== ABOUT THIS EXERCISE ==
Filter the data for "Portable" and copy matching lines.

== DATASET EXTRACT ==
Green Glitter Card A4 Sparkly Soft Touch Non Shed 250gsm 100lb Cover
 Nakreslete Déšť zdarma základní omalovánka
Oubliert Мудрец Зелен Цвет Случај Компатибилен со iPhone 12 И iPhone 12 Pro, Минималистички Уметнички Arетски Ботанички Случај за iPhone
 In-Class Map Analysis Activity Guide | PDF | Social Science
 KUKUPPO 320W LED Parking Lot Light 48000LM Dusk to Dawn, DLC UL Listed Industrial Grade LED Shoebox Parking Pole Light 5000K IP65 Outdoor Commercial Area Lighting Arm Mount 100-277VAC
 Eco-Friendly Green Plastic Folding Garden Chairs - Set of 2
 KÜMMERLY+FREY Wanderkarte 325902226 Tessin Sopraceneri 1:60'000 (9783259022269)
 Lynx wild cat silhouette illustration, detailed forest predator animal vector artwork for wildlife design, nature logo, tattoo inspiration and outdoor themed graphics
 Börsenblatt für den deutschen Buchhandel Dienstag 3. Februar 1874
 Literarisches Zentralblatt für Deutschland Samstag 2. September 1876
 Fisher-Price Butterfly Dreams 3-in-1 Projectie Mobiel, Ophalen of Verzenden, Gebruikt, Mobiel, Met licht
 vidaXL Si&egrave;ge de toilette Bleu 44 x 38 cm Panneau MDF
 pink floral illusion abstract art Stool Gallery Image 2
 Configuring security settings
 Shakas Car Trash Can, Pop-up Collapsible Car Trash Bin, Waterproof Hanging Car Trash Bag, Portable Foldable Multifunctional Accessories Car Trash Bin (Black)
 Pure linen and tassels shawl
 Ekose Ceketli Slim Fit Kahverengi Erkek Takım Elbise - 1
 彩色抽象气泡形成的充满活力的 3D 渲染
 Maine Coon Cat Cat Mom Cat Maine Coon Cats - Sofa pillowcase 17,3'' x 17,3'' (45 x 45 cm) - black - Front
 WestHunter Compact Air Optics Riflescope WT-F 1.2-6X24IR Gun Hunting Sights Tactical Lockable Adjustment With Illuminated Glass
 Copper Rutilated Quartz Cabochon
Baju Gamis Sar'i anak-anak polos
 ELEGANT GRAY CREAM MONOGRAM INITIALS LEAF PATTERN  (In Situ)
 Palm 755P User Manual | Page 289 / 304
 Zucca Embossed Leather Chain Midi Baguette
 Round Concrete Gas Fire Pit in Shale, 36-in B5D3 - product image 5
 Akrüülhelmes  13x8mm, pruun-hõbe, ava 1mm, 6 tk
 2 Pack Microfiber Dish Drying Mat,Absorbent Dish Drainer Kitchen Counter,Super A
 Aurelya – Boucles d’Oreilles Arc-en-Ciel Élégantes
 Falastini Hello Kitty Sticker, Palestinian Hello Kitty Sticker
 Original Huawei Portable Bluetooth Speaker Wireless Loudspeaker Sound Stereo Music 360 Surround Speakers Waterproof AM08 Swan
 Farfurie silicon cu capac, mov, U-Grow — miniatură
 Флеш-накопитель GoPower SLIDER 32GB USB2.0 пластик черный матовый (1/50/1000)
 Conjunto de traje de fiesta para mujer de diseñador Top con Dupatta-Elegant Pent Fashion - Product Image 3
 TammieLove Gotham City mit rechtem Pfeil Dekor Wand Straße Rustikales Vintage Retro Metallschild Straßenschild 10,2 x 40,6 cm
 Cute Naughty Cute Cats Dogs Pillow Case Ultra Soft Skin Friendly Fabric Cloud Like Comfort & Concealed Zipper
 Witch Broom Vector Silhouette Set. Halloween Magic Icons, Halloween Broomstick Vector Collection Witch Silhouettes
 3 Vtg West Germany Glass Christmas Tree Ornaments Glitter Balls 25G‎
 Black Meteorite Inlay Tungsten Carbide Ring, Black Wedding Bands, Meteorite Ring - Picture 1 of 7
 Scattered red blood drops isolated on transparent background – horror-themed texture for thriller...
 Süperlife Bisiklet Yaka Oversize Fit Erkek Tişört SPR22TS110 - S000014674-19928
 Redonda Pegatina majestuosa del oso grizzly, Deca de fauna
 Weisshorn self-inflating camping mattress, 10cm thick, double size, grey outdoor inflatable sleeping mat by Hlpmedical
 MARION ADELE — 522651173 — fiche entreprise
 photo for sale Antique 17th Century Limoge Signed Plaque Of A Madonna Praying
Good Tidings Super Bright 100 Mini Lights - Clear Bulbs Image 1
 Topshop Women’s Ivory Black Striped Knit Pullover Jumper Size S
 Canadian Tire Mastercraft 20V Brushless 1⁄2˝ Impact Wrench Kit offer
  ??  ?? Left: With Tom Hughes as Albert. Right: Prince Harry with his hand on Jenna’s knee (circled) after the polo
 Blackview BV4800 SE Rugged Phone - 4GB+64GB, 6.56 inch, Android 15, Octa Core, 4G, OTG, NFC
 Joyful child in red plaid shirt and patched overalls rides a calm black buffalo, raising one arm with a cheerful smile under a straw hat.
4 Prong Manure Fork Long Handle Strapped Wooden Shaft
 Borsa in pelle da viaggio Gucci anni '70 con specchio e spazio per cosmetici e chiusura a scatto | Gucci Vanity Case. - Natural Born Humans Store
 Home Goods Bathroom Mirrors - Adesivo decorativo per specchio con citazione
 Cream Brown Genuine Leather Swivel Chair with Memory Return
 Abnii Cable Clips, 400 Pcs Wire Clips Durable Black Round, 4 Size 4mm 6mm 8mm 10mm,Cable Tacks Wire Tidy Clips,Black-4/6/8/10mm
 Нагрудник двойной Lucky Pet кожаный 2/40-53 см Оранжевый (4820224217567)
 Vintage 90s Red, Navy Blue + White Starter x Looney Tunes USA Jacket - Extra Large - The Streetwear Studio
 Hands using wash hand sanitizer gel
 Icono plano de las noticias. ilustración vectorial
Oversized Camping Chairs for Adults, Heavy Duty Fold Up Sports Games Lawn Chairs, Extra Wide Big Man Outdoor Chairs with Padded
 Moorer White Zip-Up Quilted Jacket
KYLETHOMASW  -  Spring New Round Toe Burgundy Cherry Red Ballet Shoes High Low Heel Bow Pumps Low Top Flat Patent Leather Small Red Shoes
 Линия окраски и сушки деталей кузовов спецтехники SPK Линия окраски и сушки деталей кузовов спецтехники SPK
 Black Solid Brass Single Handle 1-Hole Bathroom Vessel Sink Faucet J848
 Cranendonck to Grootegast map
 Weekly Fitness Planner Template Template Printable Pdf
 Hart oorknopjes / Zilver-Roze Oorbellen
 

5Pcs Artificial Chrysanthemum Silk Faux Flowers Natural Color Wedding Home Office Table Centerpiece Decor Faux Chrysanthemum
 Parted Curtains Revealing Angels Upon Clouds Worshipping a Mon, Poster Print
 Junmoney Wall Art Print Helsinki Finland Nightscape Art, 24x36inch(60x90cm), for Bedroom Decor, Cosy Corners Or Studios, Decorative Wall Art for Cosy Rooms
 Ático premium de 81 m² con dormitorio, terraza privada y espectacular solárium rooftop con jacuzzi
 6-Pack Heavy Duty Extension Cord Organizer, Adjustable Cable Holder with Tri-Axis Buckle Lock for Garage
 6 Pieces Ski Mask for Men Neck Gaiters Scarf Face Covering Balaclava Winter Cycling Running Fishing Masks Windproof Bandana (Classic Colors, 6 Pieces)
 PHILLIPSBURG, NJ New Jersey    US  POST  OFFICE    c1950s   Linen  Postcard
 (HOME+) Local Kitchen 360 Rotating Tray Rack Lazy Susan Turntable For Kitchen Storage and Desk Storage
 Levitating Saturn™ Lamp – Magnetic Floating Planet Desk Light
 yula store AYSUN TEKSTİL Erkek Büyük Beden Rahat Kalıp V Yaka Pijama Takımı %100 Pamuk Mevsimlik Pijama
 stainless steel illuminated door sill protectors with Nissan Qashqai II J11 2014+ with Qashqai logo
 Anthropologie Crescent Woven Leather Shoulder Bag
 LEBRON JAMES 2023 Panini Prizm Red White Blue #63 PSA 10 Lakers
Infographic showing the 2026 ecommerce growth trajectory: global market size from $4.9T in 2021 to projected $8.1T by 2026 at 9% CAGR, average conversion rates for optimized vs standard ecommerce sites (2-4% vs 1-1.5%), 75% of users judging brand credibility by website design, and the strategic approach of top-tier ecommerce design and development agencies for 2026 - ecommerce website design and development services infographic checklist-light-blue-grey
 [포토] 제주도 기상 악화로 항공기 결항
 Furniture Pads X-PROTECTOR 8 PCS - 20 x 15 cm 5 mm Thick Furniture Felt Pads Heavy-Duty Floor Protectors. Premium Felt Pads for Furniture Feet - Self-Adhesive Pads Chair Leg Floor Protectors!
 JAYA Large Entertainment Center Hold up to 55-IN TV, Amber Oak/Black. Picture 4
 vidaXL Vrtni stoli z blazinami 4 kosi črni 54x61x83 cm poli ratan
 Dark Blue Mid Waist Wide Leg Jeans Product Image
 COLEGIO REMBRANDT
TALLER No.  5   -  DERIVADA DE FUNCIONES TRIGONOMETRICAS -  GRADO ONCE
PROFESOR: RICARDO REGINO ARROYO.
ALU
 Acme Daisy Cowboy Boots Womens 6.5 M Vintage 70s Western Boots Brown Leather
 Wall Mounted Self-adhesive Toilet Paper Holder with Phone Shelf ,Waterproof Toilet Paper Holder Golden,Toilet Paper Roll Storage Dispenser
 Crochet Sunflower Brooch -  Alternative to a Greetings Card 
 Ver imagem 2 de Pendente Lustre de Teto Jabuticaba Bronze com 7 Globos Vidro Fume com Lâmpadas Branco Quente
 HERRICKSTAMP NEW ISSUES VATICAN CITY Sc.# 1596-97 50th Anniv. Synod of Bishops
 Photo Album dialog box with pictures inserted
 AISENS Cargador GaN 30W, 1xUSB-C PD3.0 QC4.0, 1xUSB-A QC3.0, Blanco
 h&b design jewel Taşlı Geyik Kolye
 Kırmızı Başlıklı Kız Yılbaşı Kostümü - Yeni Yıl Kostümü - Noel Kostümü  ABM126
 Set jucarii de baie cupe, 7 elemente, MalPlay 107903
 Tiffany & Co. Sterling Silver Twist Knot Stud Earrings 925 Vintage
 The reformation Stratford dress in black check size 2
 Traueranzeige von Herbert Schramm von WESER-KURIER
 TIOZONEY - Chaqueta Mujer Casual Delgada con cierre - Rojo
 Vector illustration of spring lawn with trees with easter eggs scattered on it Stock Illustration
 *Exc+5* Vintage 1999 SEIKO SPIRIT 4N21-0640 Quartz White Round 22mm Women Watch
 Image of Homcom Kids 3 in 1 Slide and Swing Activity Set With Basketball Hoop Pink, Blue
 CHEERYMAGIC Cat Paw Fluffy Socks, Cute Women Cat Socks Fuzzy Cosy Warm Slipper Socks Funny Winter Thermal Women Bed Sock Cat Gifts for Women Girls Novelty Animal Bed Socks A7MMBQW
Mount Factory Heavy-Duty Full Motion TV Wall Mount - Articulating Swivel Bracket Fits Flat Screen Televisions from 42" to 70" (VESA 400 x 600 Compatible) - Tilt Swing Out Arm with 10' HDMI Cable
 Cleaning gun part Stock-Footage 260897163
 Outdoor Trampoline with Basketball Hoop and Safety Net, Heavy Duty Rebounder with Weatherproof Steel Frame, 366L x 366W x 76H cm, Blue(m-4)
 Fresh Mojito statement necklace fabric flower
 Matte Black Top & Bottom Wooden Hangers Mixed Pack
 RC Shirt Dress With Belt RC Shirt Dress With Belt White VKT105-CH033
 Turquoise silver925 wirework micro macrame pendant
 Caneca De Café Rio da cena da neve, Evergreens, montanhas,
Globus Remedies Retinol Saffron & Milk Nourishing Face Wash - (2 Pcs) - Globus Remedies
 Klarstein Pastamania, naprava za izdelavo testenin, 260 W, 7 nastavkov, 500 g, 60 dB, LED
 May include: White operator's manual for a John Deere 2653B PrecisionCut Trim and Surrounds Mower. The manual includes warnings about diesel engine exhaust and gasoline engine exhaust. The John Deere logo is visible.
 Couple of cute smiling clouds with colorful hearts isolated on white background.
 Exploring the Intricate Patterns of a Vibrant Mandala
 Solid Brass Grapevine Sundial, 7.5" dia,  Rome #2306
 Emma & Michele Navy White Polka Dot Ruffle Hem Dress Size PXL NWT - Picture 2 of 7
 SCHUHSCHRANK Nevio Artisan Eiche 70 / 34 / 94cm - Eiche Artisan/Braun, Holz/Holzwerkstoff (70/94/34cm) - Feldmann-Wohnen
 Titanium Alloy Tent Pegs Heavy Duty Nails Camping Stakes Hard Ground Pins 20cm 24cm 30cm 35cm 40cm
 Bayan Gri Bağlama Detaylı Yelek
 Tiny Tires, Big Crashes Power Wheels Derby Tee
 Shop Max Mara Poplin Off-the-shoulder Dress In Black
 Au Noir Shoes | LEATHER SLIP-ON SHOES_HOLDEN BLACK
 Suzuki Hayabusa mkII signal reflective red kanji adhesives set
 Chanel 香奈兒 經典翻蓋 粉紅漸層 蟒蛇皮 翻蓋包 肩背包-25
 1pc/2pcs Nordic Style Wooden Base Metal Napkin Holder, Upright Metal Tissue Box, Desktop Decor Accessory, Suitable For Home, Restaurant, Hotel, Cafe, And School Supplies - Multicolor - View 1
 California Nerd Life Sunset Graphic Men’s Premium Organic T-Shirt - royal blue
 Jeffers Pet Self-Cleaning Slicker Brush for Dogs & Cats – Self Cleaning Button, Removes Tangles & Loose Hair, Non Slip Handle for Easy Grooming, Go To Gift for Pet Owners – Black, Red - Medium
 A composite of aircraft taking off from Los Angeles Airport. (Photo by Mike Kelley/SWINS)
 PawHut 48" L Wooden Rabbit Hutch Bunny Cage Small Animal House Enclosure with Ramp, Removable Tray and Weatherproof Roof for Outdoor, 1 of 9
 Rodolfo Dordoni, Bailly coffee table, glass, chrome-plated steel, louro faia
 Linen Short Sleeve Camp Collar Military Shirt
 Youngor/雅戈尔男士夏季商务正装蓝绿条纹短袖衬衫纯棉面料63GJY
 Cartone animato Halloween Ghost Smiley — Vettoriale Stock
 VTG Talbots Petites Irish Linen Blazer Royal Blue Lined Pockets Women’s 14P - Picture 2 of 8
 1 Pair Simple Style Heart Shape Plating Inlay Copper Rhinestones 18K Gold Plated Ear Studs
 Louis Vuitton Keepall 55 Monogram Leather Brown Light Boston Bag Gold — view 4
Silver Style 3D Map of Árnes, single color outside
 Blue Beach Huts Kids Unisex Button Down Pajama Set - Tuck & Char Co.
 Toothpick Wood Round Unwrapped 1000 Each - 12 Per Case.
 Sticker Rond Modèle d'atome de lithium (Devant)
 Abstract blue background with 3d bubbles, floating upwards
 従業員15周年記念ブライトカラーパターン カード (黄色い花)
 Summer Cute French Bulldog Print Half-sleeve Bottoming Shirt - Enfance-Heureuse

== REPLY ==
 Shakas Car Trash Can, Pop-up Collapsible Car Trash Bin, Waterproof Hanging Car Trash Bag, Portable Foldable Multifunctional Accessories Car Trash Bin (Black)
 Original Huawei Portable Bluetooth Speaker Wireless Loudspeaker Sound Stereo Music 360 Surround Speakers Waterproof AM08 Swan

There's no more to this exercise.